Nothing but the lines below from the one that contains "Mini-Wachserwärmer-Set mit Wachskörnern, Holzspateln" through the one that contains "Lucca 1C3 Brown" should be retyped, exactly and including both ends. Do not include pictures.

(Saved data entries)
::::::::
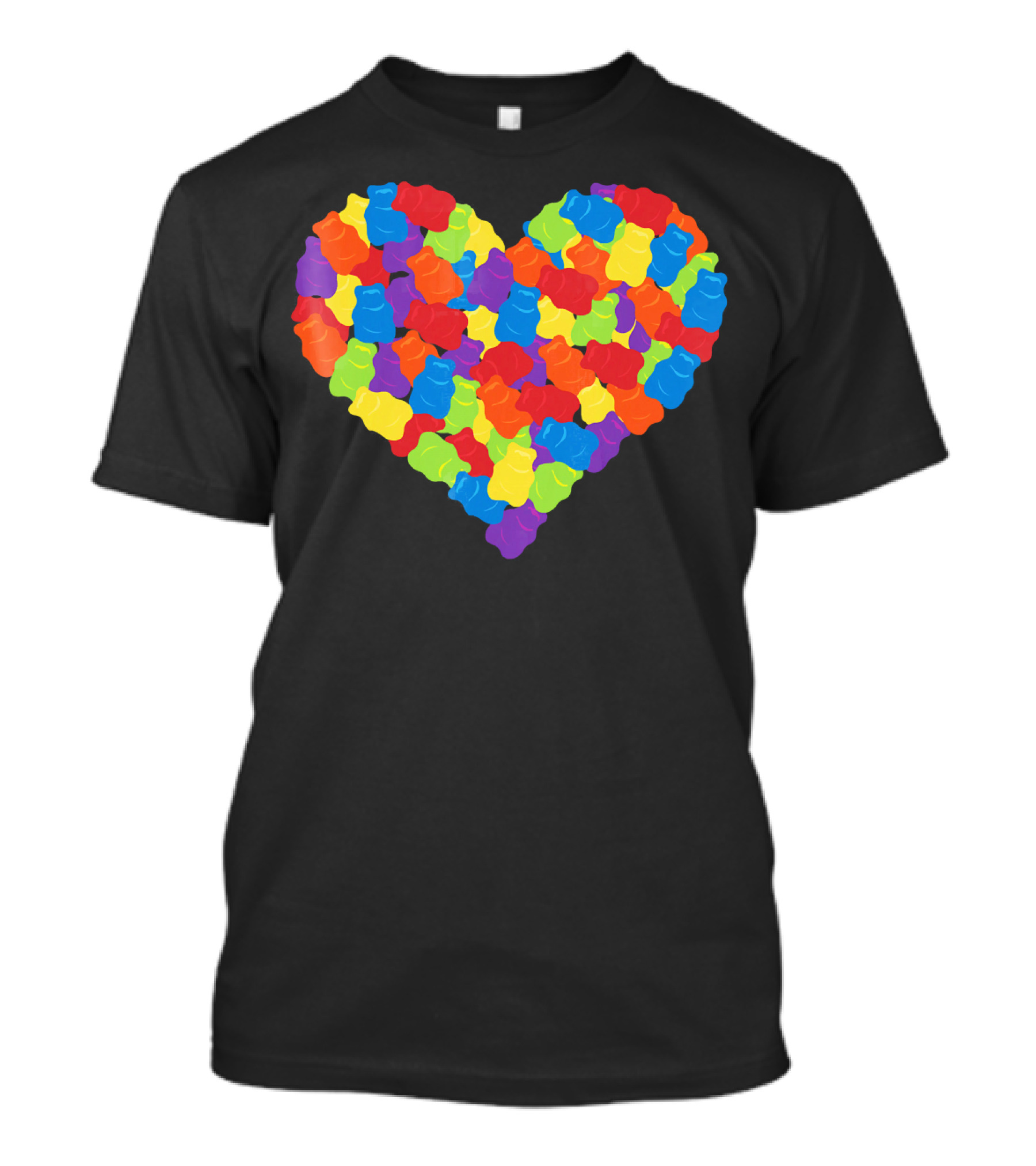 Multicolored Gummy Bears Heart Candy Chewing Bears T-Shirt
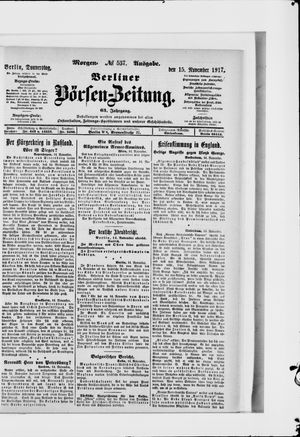 Berliner Börsen-Zeitung vom 15.11.1917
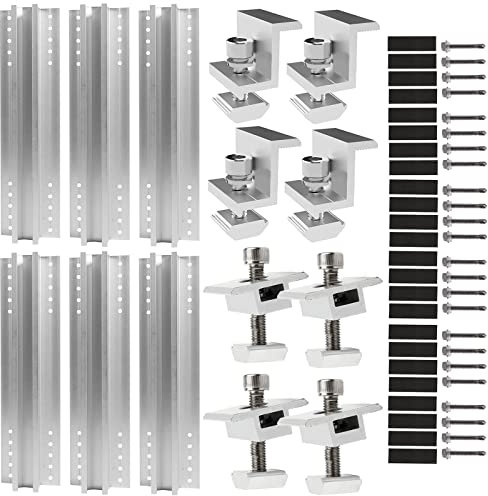 Btstil Solarmodul Halterung Kit, PV Anlagen Befestigungsschiene 30mm, Trapezblech Photovoltaik, Befestigung Solarmodul Für Solar Panel (6* Rai+4* Side Clamp+4* Middle lamp, 30mm)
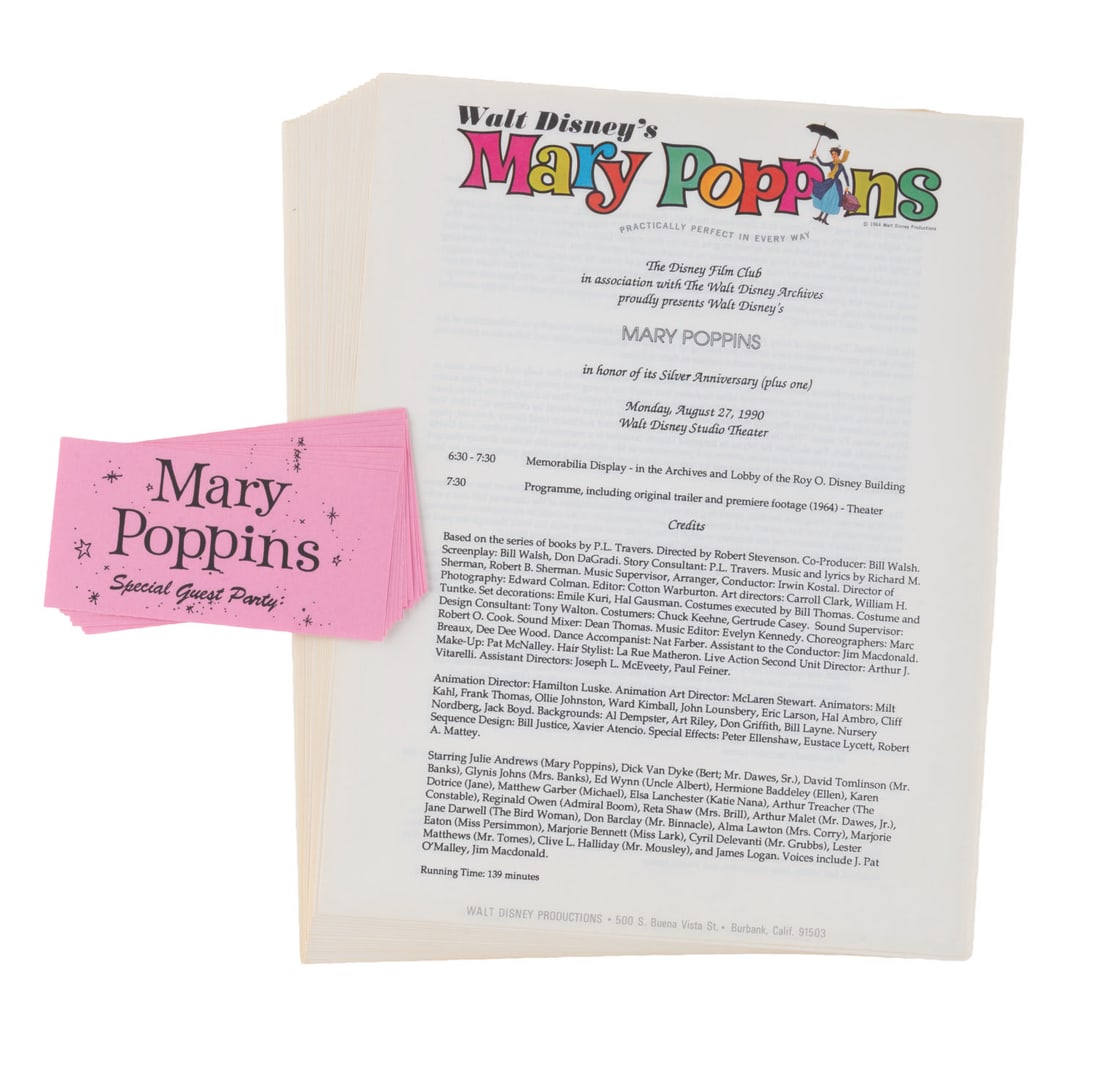 A Set of "Mary Poppins" 1990 Disney Studio Screening Programs and Tickets.: (Disney, 1990) A collection of memorabilia from a 1990 "Mary Poppins" commemorative screening held on the Walt Disney Studio Lot. Included are 12 Special Guest Party passes and 19 programs for the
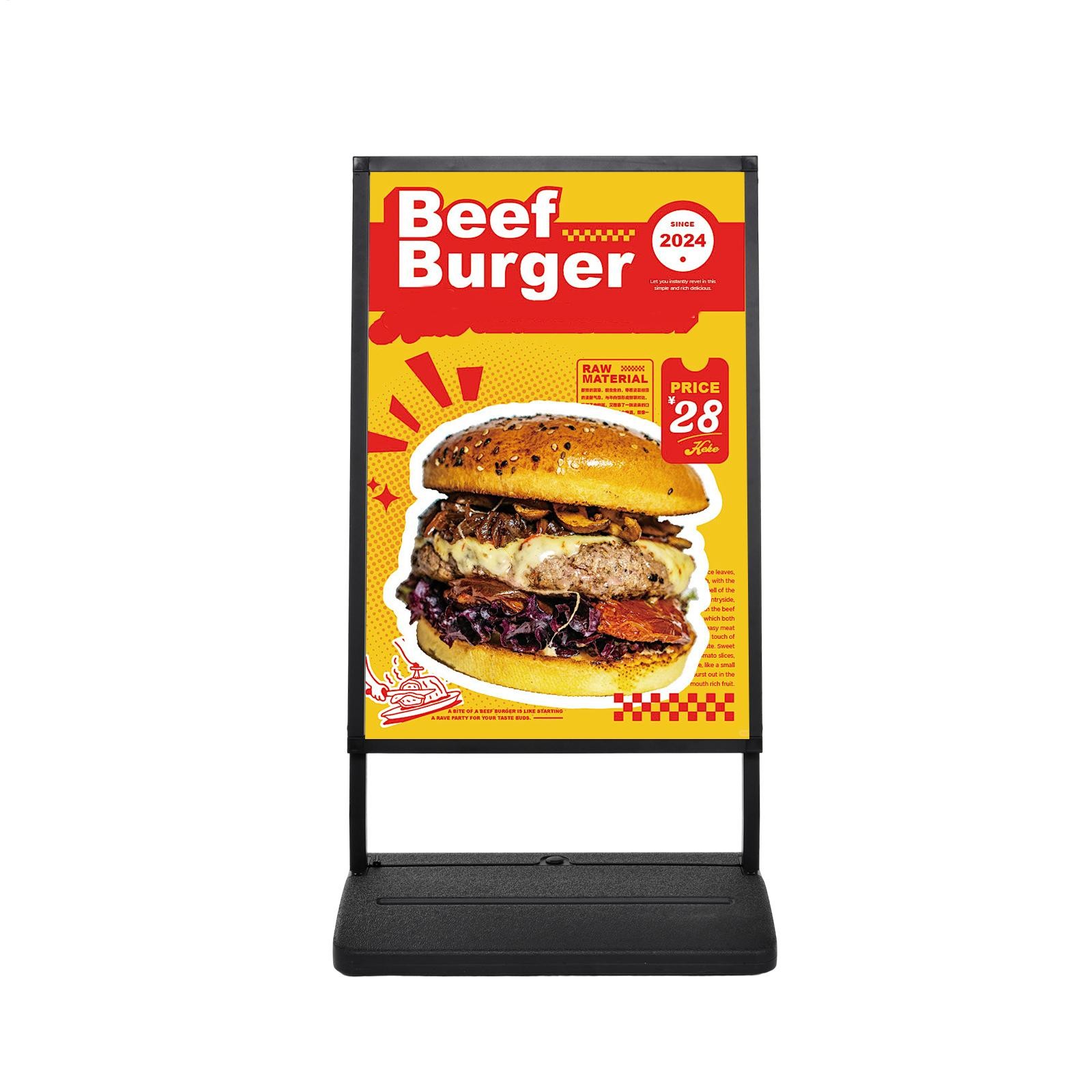24″x36″ Single-Sided Floor Standing Board Sign Holder w-Water Refilled Base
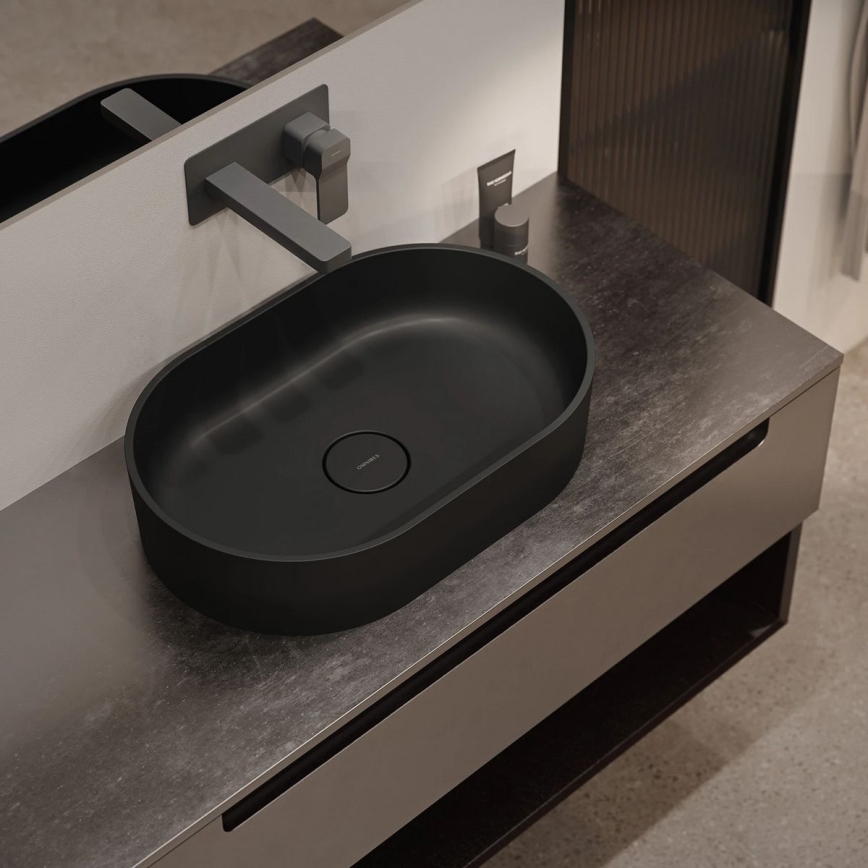 OMNIRES OVOUNBLV - Aufsatzwaschbecken OVO 55x36 cm Dolomit/mattes Lava‑Schwarz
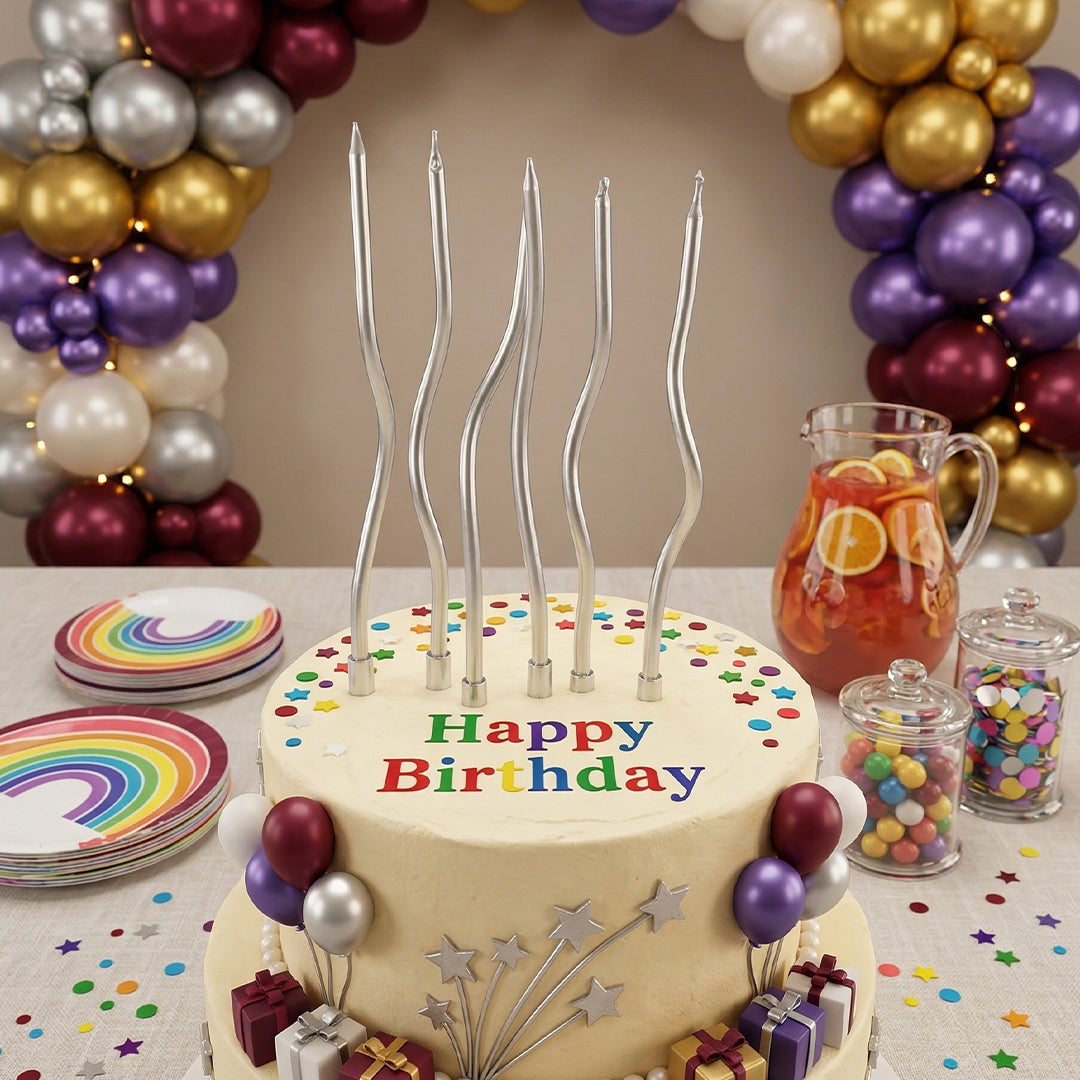 Silver Spiral Birthday Candles with Stand
Metallic Wavy Cake Candles for Parties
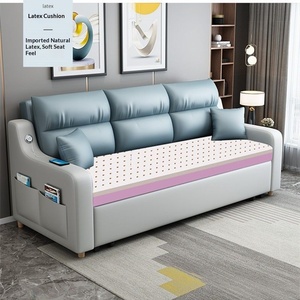 Folding <strong>Sofa</strong> <strong>Bed</strong> Dual-Purpose <strong>Single</strong> Multifunctional Living Room Small Apartment Storage Tech Fabric Simple Modern Solid <strong>Sofa</strong> - Product Image 4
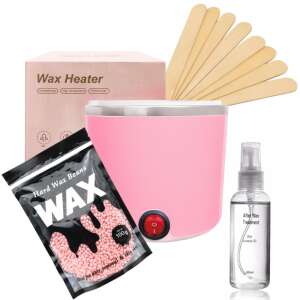Mini-Wachserwärmer-Set mit Wachskörnern, Holzspateln und After-Wax-Behandlungsöl - Haarentfernung & Rasur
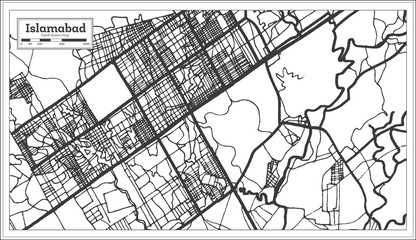 Islamabad Pakistan City Map in Black and White Color. Vector Illustration.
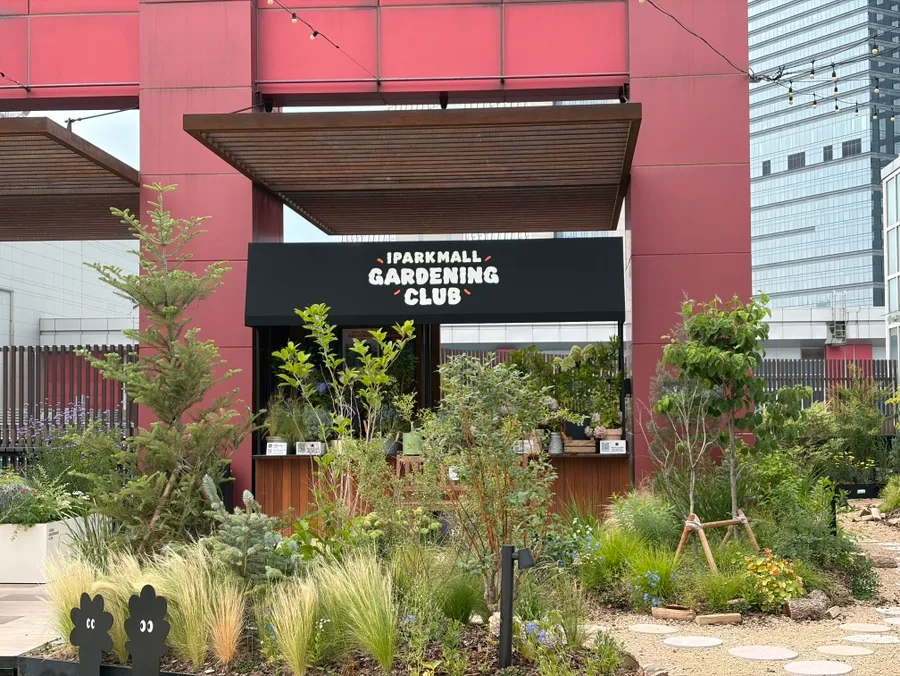 植物が茂る屋外庭園の一角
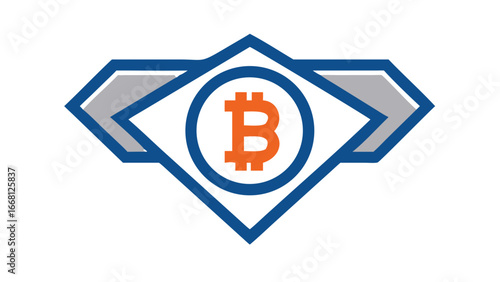 Stylized bitcoin logo with a shield emblem and abstract geometric design in blue and orange on a black background representing digital currency security and investment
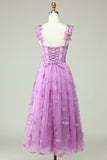 Lilla A Line Sommerfugler Appliques Prom Dress
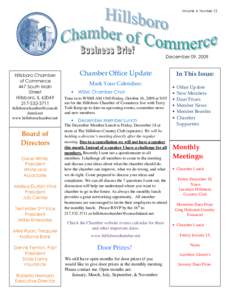 Volume 4, Number 12  December 09, 2009 Hillsboro Chamber of Commerce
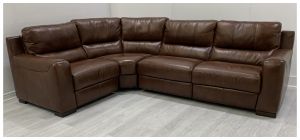 Lucca 1C3 Brown Leather Double Electric Corner Sofa Sisi Italia Semi-Aniline With Wooden Legs High Street Furniture Store Cancellation 49669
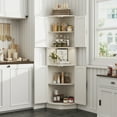 thumbnail image 4 of Vabches Farmhouse 64.8" Tall Corner Cabinet with 4 Doors and 5 Storage Shelves, Corner Storage Cabinet for Kitchen, Living Room, White, 4 of 9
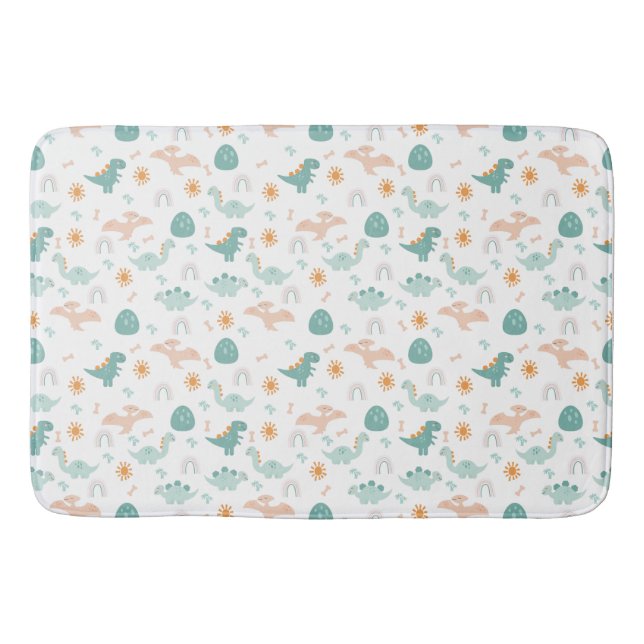 Alfombrilla De Baño Cute Dino Adventure Pattern Niños Baño Decoración (Anverso)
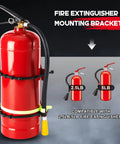Four Pack Fire Extinguisher Mount Brackets Adjustable Heavy Duty Holder holds 2.5 and 5 lb extinguishers for safety.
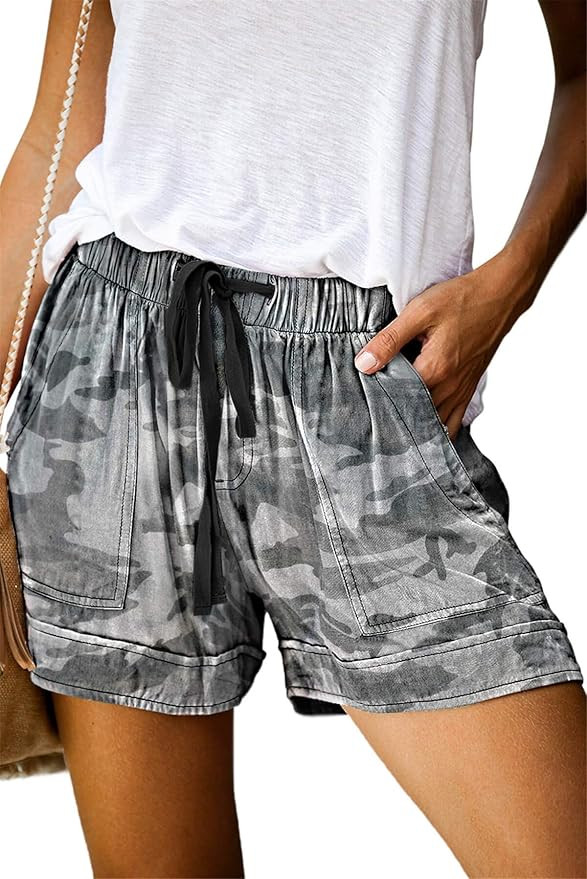 ONLYSHE Womens Casual Drawstring Shorts Summer Elastic Waist Shorts Pocketed Pants | Amazon (US)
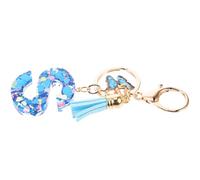 Operitacx Heart Letter Keychain Small Size with Butterfly Tassel, Handmade Crystal Resin Pendant Cute Bag Charm for Women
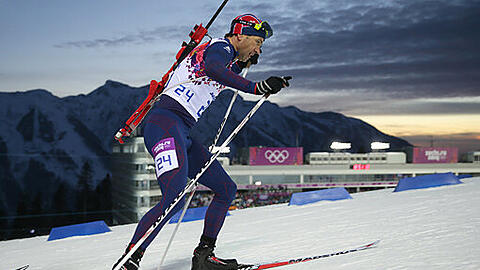 Ole Einar Björndalen auf dem Weg zu seiner siebten olympischen Goldmedaille.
::::::::
_Answer below:_
Mini-Wachserwärmer-Set mit Wachskörnern, Holzspateln und After-Wax-Behandlungsöl - Haarentfernung & Rasur
 Islamabad Pakistan City Map in Black and White Color. Vector Illustration.
 植物が茂る屋外庭園の一角
 Stylized bitcoin logo with a shield emblem and abstract geometric design in blue and orange on a black background representing digital currency security and investment
 Lilla A Line Sommerfugler Appliques Prom Dress
 Volume 4, Number 12  December 09, 2009 Hillsboro Chamber of Commerce
 Lucca 1C3 Brown Leather Double Electric Corner Sofa Sisi Italia Semi-Aniline With Wooden Legs High Street Furniture Store Cancellation 49669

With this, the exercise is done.